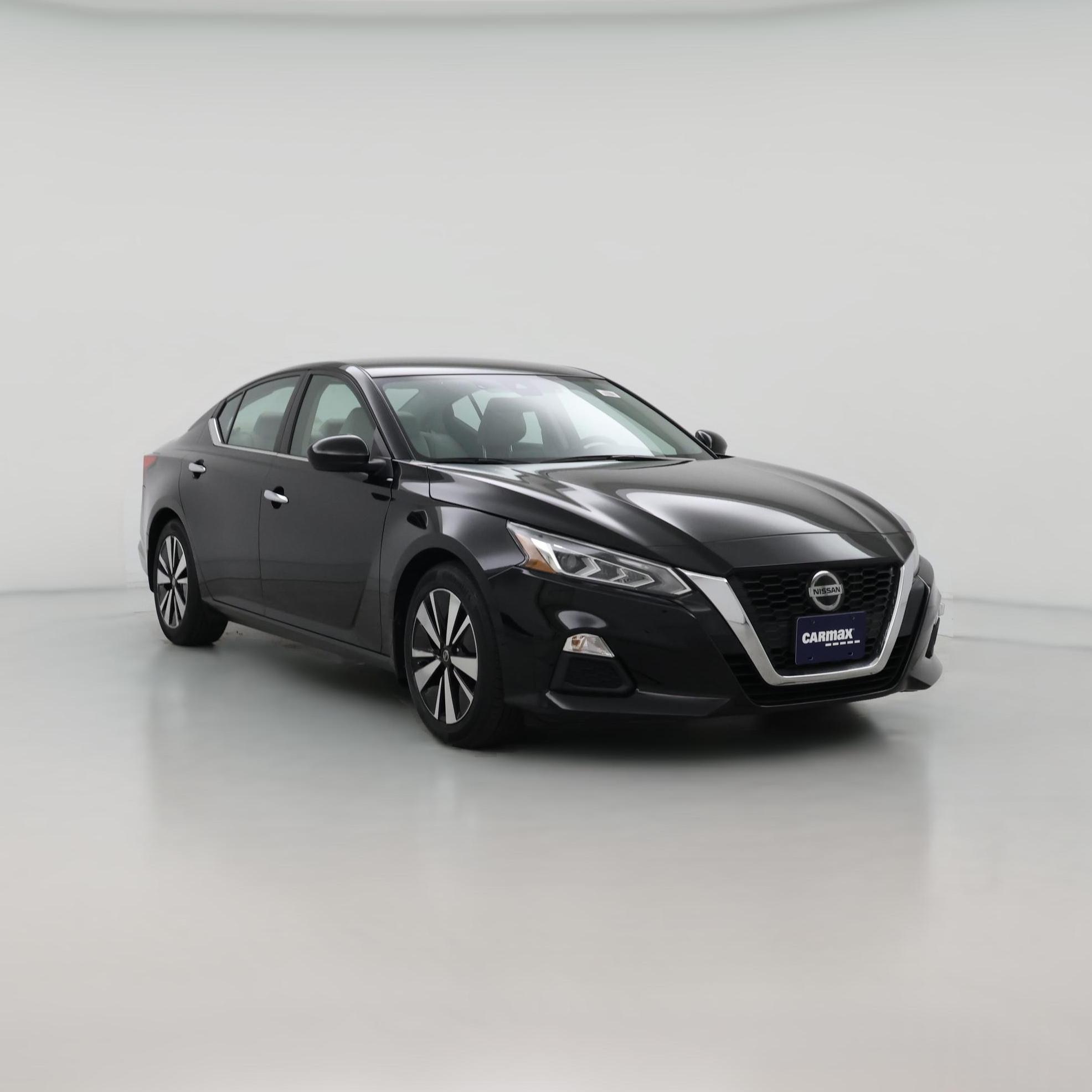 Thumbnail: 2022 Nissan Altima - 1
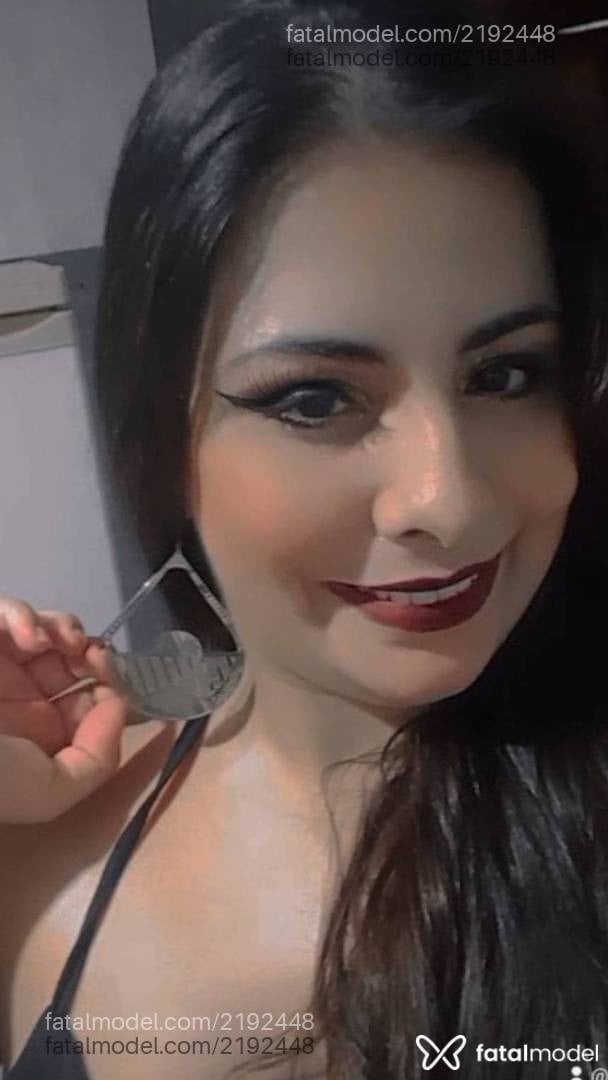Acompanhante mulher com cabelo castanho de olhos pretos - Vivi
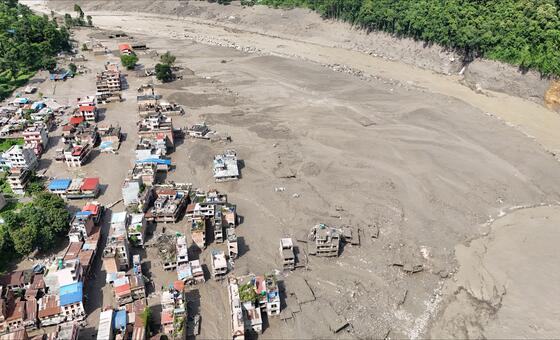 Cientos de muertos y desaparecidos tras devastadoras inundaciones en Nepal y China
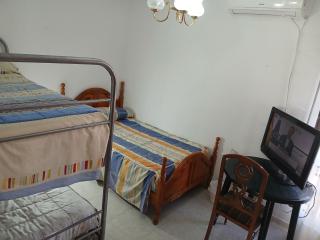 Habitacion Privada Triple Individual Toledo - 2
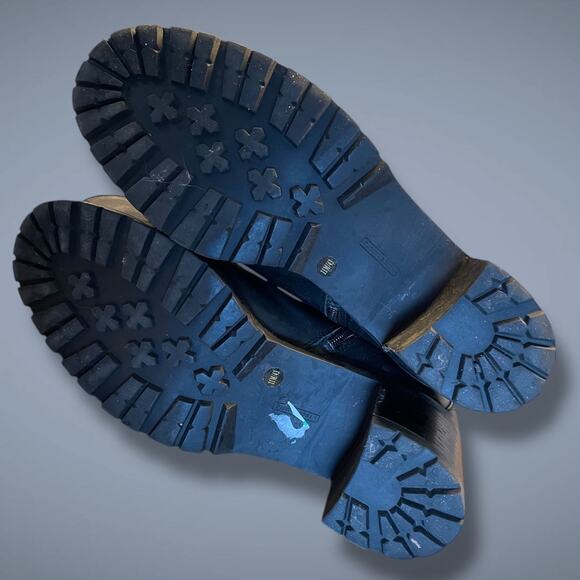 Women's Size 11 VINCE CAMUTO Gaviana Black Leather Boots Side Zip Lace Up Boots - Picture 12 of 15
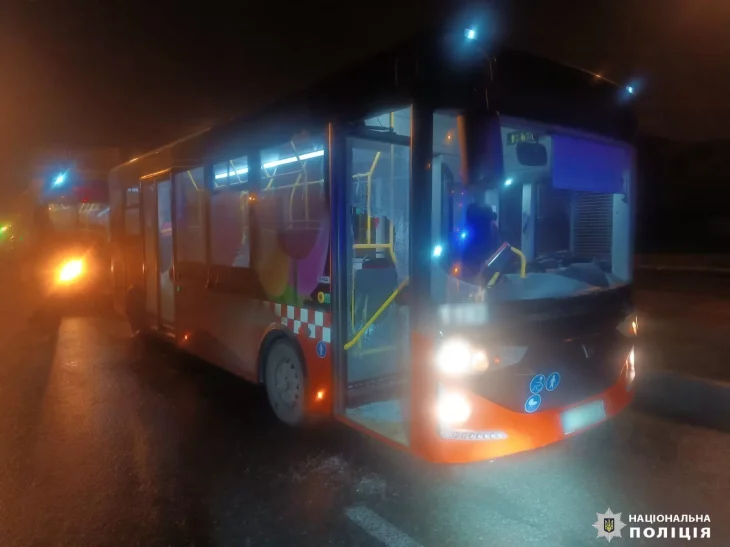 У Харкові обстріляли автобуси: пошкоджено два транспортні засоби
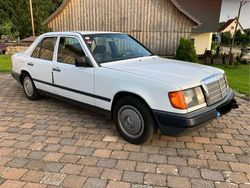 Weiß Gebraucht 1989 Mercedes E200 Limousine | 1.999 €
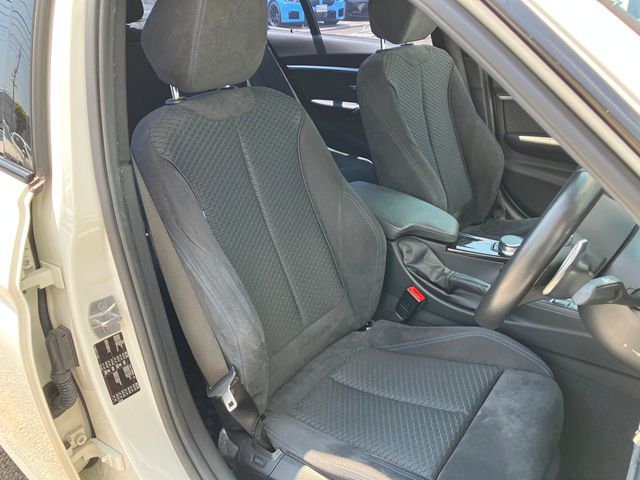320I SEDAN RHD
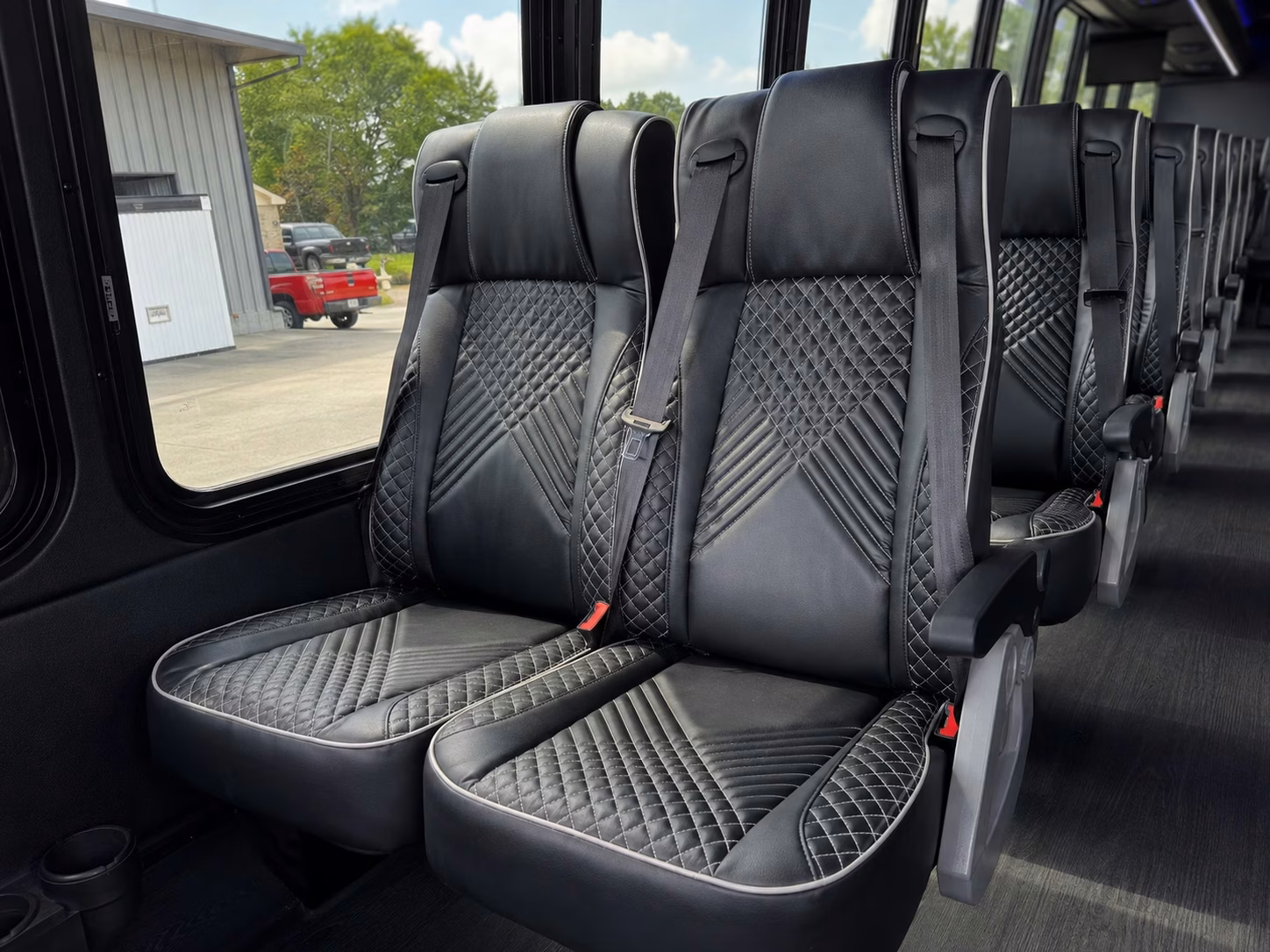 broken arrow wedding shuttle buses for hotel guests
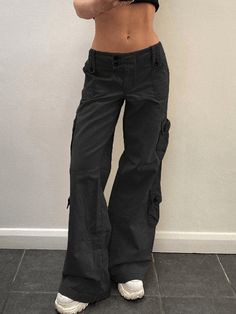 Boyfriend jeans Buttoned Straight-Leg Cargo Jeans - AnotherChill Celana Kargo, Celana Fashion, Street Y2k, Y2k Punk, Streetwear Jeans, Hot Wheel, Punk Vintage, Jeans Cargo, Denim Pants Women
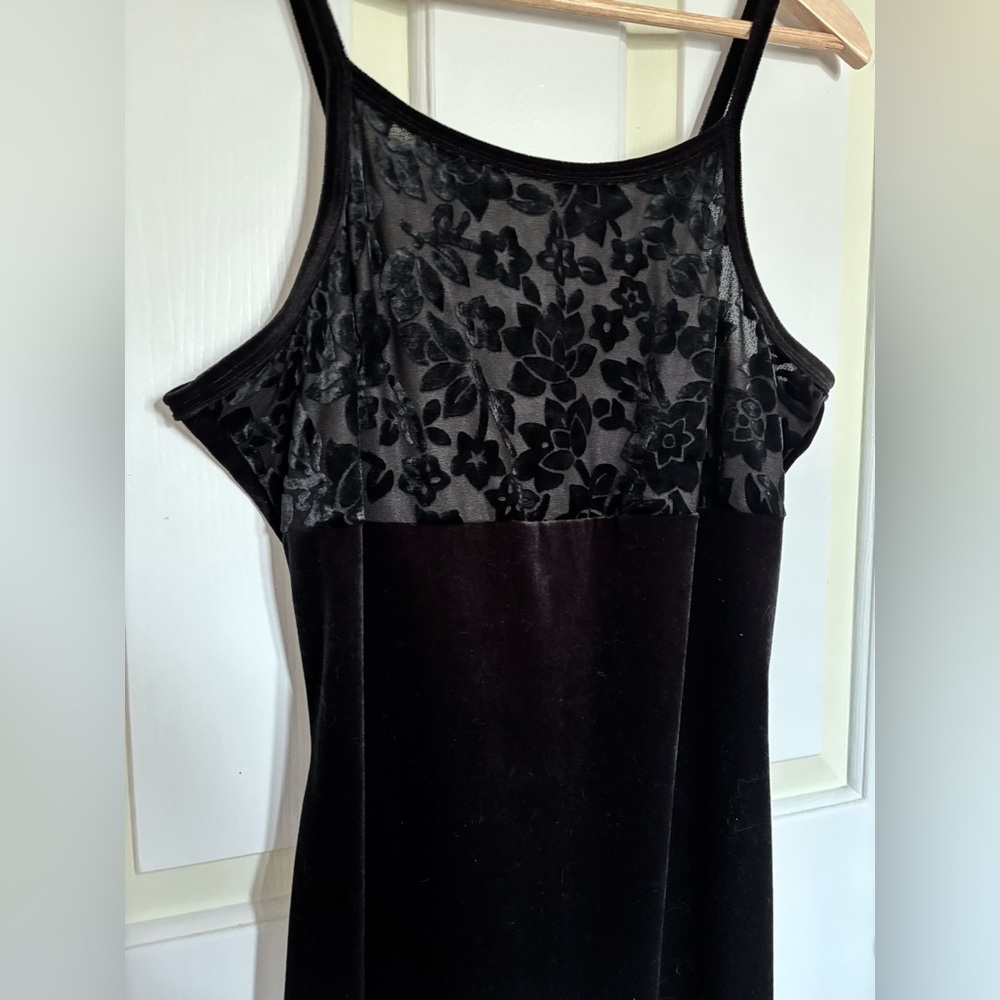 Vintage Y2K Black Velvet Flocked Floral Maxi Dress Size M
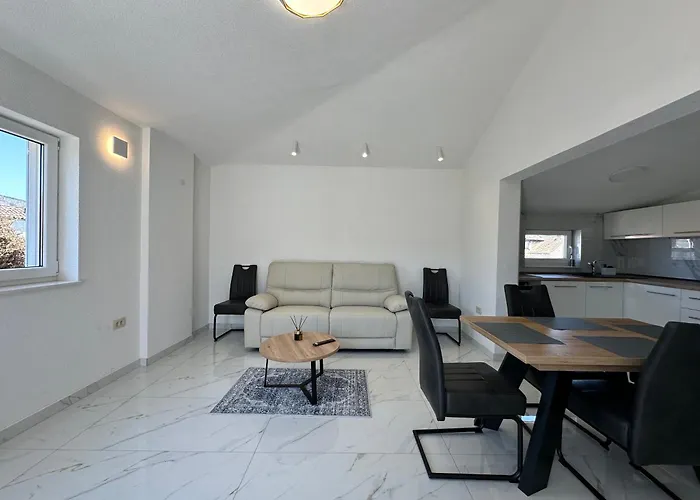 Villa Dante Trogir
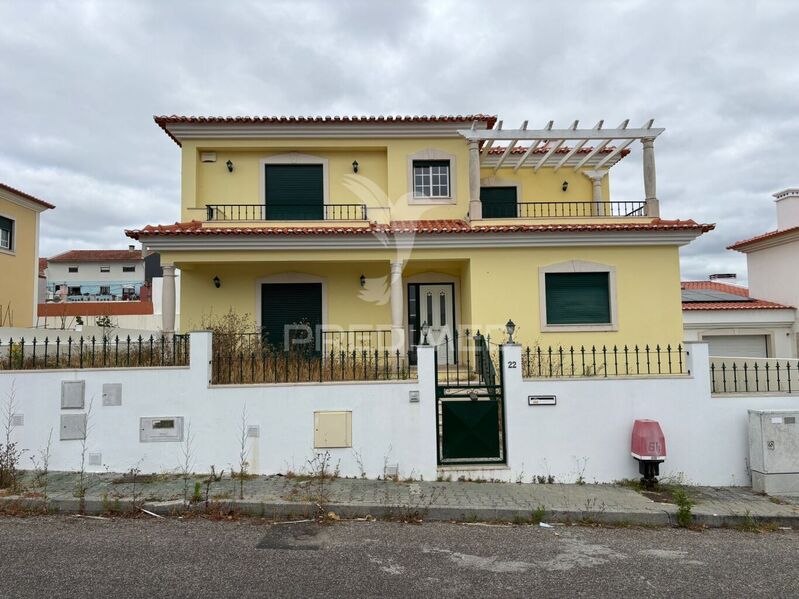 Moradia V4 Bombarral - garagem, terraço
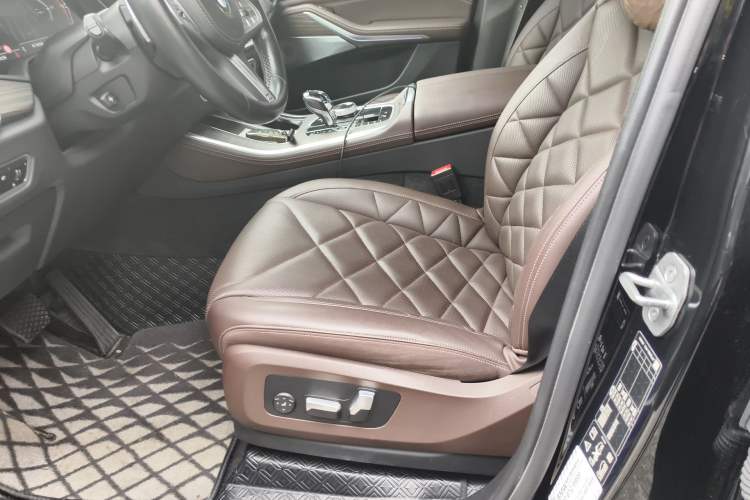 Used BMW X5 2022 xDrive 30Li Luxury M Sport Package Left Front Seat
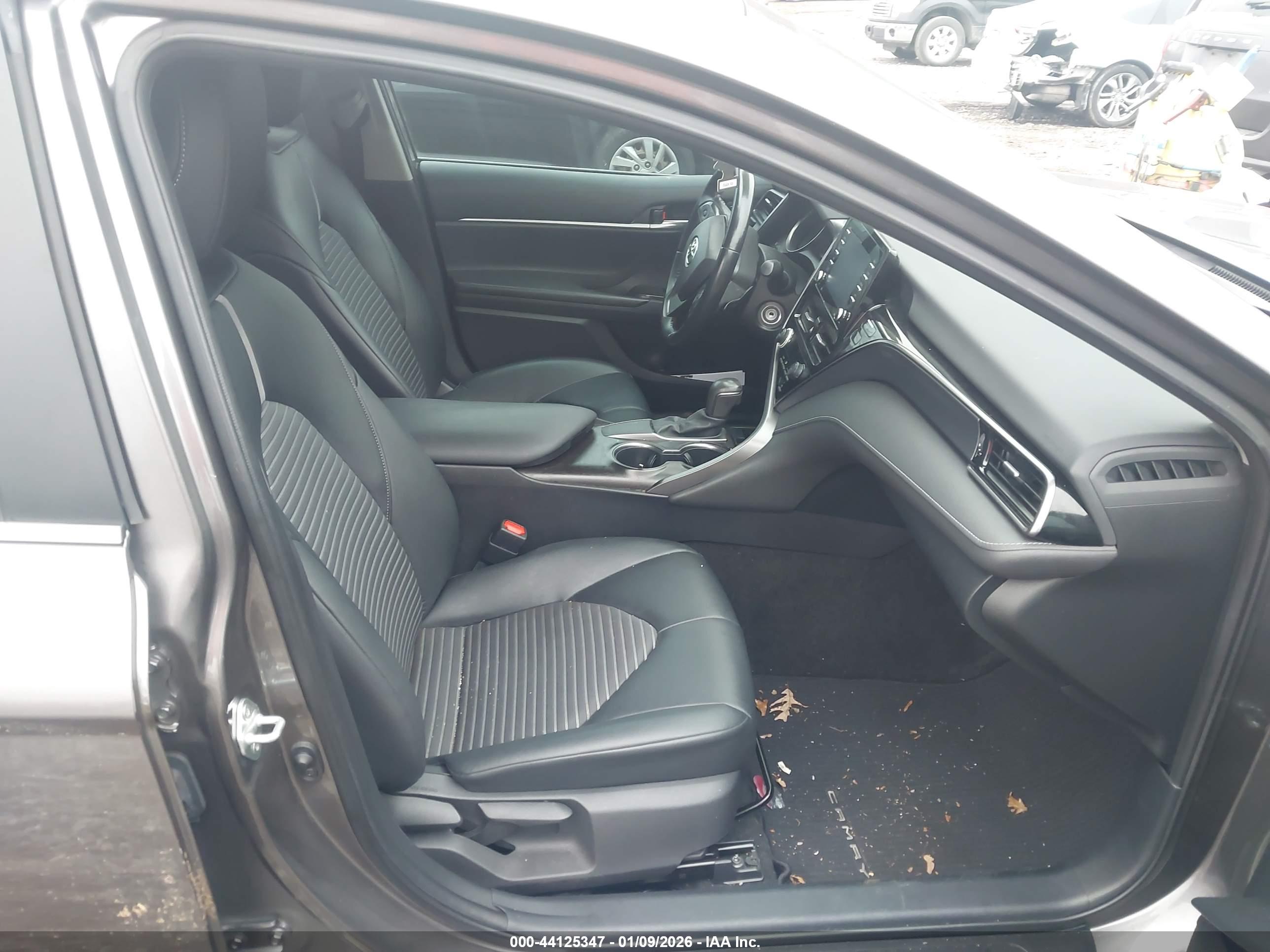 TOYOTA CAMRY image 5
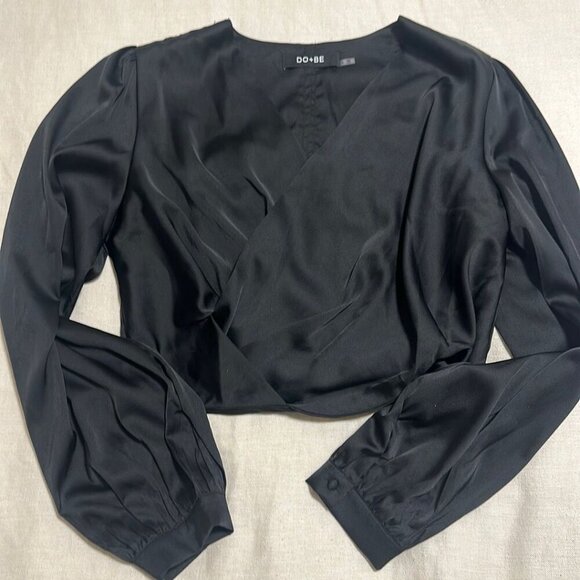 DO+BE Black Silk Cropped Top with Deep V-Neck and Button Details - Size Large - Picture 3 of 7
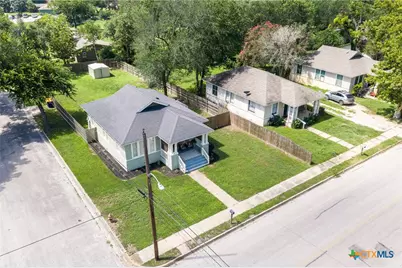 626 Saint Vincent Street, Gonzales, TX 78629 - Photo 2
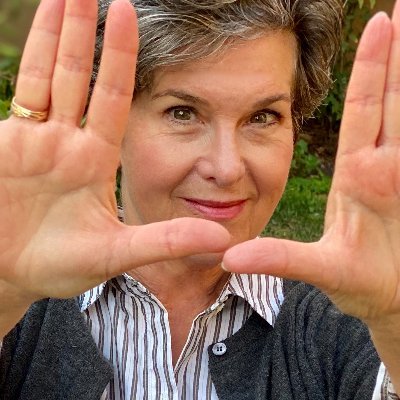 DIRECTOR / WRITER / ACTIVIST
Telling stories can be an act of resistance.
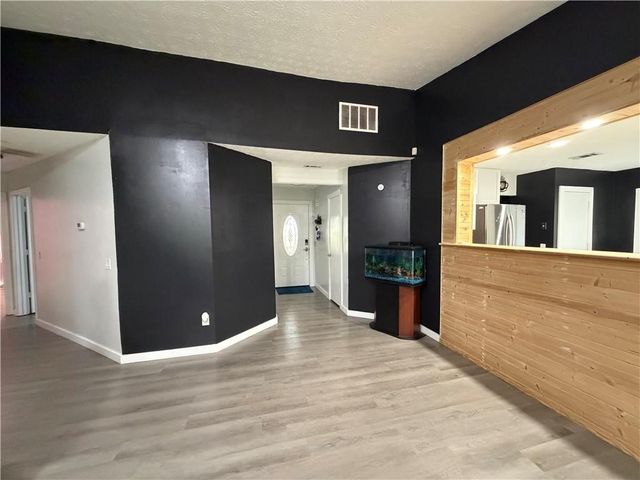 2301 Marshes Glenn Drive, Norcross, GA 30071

What this task involves:
Write out only the lines from the line containing "DO+BE Black Silk" through the end of the material above, both end lines included. Pictures are not written out.

Answer to this problem:
 DO+BE Black Silk Cropped Top with Deep V-Neck and Button Details - Size Large - Picture 3 of 7
 626 Saint Vincent Street, Gonzales, TX 78629 - Photo 2
 DIRECTOR / WRITER / ACTIVIST
Telling stories can be an act of resistance.
 2301 Marshes Glenn Drive, Norcross, GA 30071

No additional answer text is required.